Think it is the wave of the future, would not be supprised if all the other manufacturer's follow it, including Apple


----------



## Marlin Guy (Apr 8, 2009)

bobukcat said:


> If this become the norm it will kill a lot of the appeal Android holds for serious nerds.


I'm not even a serious nerd and it would kill it for me.
I can see both sides of the issue, but ultimately I compare it buying a new car.
If I want to get in there and tweak the engine and swap out a performance chip, then that's my business. I understand the warranty may be voided, but that's a risk I'd like to have the right to take.

Furthermore, isn't Android OS open source software?


----------



## bobukcat (Dec 20, 2005)

Marlin Guy said:


> I'm not even a serious nerd and it would kill it for me.
> I can see both sides of the issue, but ultimately I compare it buying a new car.
> If I want to get in there and tweak the engine and swap out a performance chip, then that's my business. I understand the warranty may be voided, but that's a risk I'd like to have the right to take.
> 
> Furthermore, isn't Android OS open source software?


Android itself is open source but imagine the build for each phone is not and that's probably spelled out in the EULA you agree to when buying it, since I've never actually read the thing I don't really know.


----------



## wingrider01 (Sep 9, 2005)

bobukcat said:


> Android itself is open source but imagine the build for each phone is not and that's probably spelled out in the EULA you agree to when buying it, since I've never actually read the thing I don't really know.

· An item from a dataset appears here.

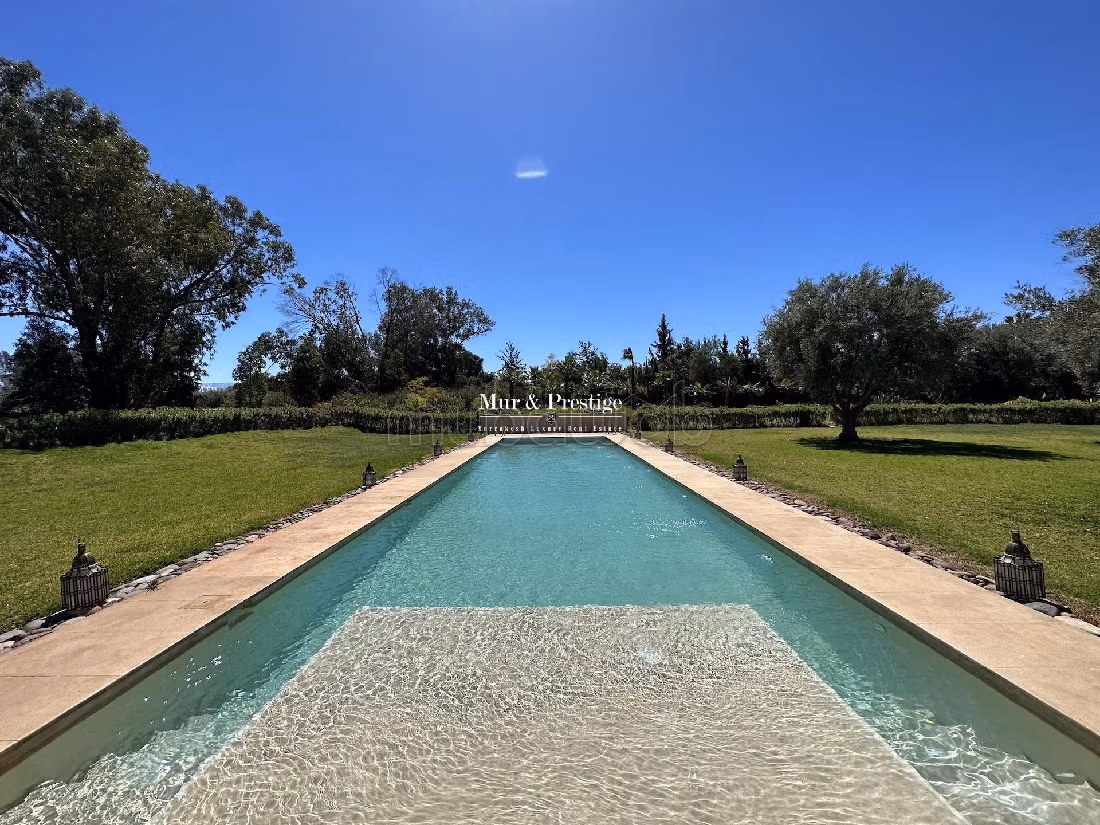 Se vende villa de lujo. 6 habitaciones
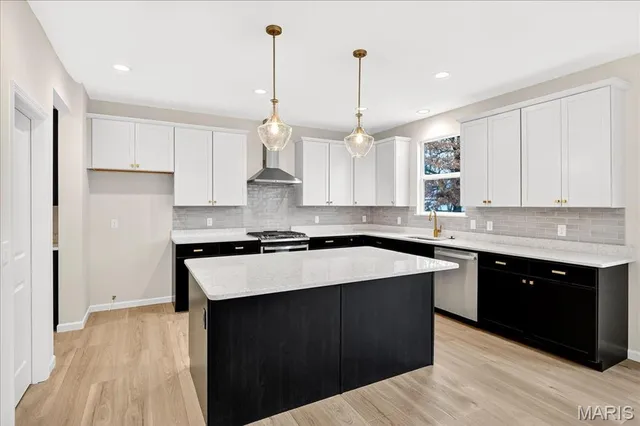 $622,748 | 210 Randlin Drive, Lake St. Louis, MO 63367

you can pretty well make book on the fact the phone manufacturer's are paying a licensing cost for android, that makes it theirs to do with what they want to.


----------



## BubblePuppy (Nov 3, 2006)

Oh ye of little faith. CM is almost finished rooting the G2, according to his Twitter reports. Won't be long.


----------



## BubblePuppy (Nov 3, 2006)

wingrider01 said:


> you can pretty well make book on the fact the phone manufacturer's are paying a licensing cost for android, that makes it theirs to do with what they want to.


Google gives the Android operating system away, no licensing fee. It is open source, that is what gives the carriers the right to do what they want with it, it's also the same right for independent developers such as Cyanogen to make custom roms.


----------